Die Änderungen im Bürgerrechtsgesetz haben den Gemeinderat dazu bewogen, die Gemeindeordnung anzupassen und zu entschlacken, um keine doppelten Artikel mehr zu führen. Die Geschäftsprüfungskommission (GPK) und die SVP wollten auf eine Entschlackung verzichten, was der Gemeinderat aber ablehnte. Drei Passagen sind in der Änderung relevant: Dem Gemeinderat wird bei Einbürgerungsverfahren die Kompetenz eingeräumt, über Zusicherung des Gemeindebürgerrechts für Ausländer zu entscheiden. Die GPK soll bei der Erteilung des Gemeindebürgerrechts Mitspracherecht erhalten. Der Titel «Gemeindeammann» soll neu in «Gemeindepräsident» und «Vizeammann» entsprechend in «Vizepräsident» geändert werden, da der Begriff vor allem in der Region Zürich für Verwirrung gesorgt hat. Die übrigen Anpassungen stellen keine Änderungen des bisherigen rechtlichen Status dar.

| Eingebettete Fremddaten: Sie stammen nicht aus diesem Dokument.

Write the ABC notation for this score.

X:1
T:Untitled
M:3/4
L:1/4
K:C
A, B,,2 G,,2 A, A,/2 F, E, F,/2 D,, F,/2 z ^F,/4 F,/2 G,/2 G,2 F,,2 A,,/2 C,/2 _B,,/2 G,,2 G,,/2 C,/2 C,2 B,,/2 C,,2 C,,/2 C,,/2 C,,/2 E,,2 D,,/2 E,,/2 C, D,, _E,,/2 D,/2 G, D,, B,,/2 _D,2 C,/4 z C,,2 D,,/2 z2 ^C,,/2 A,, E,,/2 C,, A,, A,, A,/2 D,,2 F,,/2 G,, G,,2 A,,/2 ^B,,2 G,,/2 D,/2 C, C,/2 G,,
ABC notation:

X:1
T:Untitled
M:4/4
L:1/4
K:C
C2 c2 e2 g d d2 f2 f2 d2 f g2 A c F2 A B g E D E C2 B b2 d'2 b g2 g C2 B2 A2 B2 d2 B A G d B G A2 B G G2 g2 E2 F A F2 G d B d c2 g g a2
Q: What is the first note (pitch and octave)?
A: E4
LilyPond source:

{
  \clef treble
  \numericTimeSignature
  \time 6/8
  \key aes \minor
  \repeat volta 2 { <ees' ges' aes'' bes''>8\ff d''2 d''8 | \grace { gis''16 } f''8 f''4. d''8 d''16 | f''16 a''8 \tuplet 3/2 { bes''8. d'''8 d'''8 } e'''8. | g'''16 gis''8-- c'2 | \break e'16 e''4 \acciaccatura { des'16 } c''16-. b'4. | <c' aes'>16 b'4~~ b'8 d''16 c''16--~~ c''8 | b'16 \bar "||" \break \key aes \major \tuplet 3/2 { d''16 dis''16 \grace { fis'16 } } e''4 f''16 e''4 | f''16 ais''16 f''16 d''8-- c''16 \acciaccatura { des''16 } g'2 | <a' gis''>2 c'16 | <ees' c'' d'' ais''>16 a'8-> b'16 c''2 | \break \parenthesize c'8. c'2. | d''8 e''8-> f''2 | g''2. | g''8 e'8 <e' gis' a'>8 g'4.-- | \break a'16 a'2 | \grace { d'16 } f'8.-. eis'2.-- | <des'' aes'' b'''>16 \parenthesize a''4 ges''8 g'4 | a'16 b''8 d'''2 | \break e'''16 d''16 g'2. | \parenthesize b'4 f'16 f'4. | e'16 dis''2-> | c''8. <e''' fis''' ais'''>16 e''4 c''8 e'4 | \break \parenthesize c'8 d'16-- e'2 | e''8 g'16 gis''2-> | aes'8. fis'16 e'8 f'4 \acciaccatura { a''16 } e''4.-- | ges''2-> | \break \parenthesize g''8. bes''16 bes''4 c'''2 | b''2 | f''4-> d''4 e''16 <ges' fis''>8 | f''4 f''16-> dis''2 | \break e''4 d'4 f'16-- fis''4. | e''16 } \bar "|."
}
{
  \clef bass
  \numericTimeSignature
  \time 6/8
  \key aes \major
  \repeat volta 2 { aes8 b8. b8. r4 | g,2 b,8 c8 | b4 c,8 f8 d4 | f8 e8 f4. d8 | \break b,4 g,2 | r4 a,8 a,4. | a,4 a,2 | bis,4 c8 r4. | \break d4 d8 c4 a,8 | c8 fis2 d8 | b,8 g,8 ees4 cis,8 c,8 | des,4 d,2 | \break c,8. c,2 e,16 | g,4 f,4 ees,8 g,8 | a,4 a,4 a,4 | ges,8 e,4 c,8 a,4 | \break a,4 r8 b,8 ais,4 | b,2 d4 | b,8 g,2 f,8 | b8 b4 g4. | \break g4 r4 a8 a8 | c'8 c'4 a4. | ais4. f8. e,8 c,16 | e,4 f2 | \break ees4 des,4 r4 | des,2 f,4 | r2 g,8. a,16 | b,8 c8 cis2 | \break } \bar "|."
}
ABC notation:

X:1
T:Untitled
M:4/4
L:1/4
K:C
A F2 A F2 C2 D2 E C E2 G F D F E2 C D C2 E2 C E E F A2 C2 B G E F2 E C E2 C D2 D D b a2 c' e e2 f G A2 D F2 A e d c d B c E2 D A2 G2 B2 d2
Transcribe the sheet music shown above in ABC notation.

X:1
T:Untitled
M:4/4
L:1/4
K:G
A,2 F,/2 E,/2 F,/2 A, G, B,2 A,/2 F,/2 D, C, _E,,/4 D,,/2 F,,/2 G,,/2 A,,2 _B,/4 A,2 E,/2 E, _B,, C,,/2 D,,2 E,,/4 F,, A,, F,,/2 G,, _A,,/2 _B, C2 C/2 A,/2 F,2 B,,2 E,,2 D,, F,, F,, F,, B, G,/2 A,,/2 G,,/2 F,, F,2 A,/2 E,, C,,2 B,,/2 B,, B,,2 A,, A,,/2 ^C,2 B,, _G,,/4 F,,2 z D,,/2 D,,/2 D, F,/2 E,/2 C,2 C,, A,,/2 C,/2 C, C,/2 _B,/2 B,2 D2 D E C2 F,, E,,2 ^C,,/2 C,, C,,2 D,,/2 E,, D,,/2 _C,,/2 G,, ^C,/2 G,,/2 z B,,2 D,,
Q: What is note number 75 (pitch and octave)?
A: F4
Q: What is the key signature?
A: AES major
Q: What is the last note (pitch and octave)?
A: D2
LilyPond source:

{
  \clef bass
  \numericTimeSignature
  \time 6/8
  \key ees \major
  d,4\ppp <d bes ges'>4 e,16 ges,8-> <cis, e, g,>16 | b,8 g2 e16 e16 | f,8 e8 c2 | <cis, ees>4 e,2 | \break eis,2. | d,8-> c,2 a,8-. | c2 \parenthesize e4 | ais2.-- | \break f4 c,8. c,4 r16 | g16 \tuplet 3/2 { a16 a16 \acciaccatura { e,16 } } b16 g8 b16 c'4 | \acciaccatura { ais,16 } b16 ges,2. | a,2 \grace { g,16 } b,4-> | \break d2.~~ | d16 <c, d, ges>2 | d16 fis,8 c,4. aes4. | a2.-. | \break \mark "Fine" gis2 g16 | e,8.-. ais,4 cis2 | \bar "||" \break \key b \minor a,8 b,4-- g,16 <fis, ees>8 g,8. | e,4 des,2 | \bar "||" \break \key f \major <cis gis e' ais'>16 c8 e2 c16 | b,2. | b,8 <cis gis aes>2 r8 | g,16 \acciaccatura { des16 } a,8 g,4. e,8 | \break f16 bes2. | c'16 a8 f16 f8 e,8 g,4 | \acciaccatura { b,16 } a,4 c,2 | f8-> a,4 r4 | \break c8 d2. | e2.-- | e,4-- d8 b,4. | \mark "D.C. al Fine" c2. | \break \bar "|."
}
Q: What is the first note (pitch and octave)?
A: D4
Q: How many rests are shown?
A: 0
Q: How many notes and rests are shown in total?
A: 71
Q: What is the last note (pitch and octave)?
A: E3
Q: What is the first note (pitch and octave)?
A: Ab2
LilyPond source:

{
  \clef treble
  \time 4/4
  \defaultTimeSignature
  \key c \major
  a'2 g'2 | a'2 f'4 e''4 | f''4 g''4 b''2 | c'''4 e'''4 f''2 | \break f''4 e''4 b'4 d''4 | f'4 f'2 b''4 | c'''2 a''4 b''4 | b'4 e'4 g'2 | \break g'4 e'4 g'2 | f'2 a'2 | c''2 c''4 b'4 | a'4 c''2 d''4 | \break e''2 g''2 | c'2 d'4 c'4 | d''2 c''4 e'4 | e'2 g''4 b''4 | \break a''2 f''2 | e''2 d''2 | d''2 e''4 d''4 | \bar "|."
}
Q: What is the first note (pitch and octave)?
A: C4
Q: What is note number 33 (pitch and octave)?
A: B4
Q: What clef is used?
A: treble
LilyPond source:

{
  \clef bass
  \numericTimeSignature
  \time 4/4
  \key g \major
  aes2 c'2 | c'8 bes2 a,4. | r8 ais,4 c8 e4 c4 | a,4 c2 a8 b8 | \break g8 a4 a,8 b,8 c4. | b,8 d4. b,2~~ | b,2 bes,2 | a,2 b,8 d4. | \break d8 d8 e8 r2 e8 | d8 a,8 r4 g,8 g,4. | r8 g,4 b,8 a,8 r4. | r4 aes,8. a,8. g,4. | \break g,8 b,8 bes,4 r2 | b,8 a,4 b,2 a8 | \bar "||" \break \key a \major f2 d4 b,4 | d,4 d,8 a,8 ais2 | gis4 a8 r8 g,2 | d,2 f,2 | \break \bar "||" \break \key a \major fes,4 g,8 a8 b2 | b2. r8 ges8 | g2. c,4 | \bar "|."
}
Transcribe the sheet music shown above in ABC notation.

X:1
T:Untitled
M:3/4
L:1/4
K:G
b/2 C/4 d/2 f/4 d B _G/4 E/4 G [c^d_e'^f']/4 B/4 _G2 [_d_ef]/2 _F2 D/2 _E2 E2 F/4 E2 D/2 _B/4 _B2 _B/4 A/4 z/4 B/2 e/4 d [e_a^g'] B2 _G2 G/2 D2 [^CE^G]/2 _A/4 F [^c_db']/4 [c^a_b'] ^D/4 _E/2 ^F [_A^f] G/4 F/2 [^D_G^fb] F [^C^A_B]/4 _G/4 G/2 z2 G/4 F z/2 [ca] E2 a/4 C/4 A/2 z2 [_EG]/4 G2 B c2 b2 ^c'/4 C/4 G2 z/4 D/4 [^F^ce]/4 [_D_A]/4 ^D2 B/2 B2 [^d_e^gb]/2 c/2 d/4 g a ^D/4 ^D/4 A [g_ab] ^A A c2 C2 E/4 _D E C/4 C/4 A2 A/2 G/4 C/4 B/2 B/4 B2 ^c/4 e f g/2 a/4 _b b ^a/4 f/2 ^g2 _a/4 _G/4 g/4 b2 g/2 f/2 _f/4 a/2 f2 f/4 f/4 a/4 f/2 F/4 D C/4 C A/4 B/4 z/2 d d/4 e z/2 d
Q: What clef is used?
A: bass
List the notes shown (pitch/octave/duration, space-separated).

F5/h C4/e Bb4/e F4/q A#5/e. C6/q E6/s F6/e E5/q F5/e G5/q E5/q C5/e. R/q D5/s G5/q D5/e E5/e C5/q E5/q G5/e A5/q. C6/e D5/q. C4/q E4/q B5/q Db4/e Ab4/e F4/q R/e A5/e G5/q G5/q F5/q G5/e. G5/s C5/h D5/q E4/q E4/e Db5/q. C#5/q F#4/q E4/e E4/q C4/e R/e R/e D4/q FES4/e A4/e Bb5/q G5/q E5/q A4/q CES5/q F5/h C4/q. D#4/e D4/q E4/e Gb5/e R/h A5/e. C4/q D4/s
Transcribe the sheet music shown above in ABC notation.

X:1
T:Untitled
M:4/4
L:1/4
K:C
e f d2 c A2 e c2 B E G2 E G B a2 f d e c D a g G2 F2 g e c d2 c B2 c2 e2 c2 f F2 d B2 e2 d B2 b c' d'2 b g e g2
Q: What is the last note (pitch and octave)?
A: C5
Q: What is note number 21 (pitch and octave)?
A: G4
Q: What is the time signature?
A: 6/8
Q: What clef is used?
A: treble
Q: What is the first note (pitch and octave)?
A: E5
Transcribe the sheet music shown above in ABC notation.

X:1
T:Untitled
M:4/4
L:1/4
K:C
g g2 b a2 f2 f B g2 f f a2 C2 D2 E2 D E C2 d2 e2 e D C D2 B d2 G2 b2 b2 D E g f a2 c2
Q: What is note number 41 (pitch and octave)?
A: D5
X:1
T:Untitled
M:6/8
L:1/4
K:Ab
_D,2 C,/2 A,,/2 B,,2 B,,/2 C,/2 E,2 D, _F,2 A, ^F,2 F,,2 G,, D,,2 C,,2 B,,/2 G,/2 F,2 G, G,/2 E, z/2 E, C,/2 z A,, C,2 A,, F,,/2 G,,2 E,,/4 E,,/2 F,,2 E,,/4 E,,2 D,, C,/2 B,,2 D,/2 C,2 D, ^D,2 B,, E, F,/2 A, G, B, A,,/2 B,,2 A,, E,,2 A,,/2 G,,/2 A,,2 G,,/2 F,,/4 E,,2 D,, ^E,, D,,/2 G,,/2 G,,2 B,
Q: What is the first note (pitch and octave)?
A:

Der Antrag der GPK lautete, die alte Gemeindeverordnung beizubehalten, da sie ausführlicher sei, und sie lediglich um diese drei Änderungen zu ergänzen. Valentin Schmid gab zu bedenken, dass sich heute viele Leute im Internet informierten, was er selber mit überzeugendem Resultat ausgetestet habe.
Bei der Abstimmung stimmte denn auch die Mehrheit für den gemeinderätlichen Antrag. Der somit unveränderte Antrag zur Anpassung der Gemeindeordnung wurde anschliessend mit 78 Ja- zu 14 Nein-Stimmen angenommen. Da in diesem Fall ein obligatorisches Referendum besteht, muss der Entscheid der Gemeindeversammlung an der obligatorischen Urnenabstimmung vom Volk bestätigt werden.
Als weitere emotionale Themen standen an diesem Abend das Projet urbain und Tempo-30-Zonen auf der Traktandenliste. Nachdem an der letzten Gemeindeversammlung eine detaillierte Aufstellung der Kosten des Projet urbain «Langäcker bewegt!» gewünscht wurde, liegt diese nun vor und zeigt, dass die ursprüngliche Aufwandschätzung überschritten wurde. Valentin Schmid hatte am Polit-Apéro versichert, dass der Kredit – der schon zu 2/3 ausgegeben ist – ausreichen wird, um den Rest der Phase II, die noch bis Ende 2015 dauert, zufinanzieren. Die SVP zweifelte daran, doch Schmid bekräftig-te nochmals: «Der Gemeinderat kann Ihnen garantieren, dass der Kredit eingehalten wird.» Für die Bevölkerung sei nur die Café Bar deutlich sichtbar – es seien aber viele Konzepte in Arbeit, von denen die Bevölkerung noch nicht viel sehe, da sie zurzeit erst in Planungsgrundlagen bestünden. Mit grossem Mehr wurde der Kreditantrag über 320000 Franken für sie Phase II schliesslich angenommen.
Auch der Kreditantrag über 78000 Franken für «Tempo 30 in Wohngebieten» wurde mit angenommen, nachdem sämtliche Anträge zur Kürzung des Betrages und zum Verzicht auf den Ausbau des Knotens Rotzenbühl von der Versammlung abgelehnt wurden. «Wir werden also in nächster Zeit die Ausschreibung zum Tempo 30 machen», sagte Schmid. Es bestehe dann weiterhin die Möglichkeit für Einsprachen.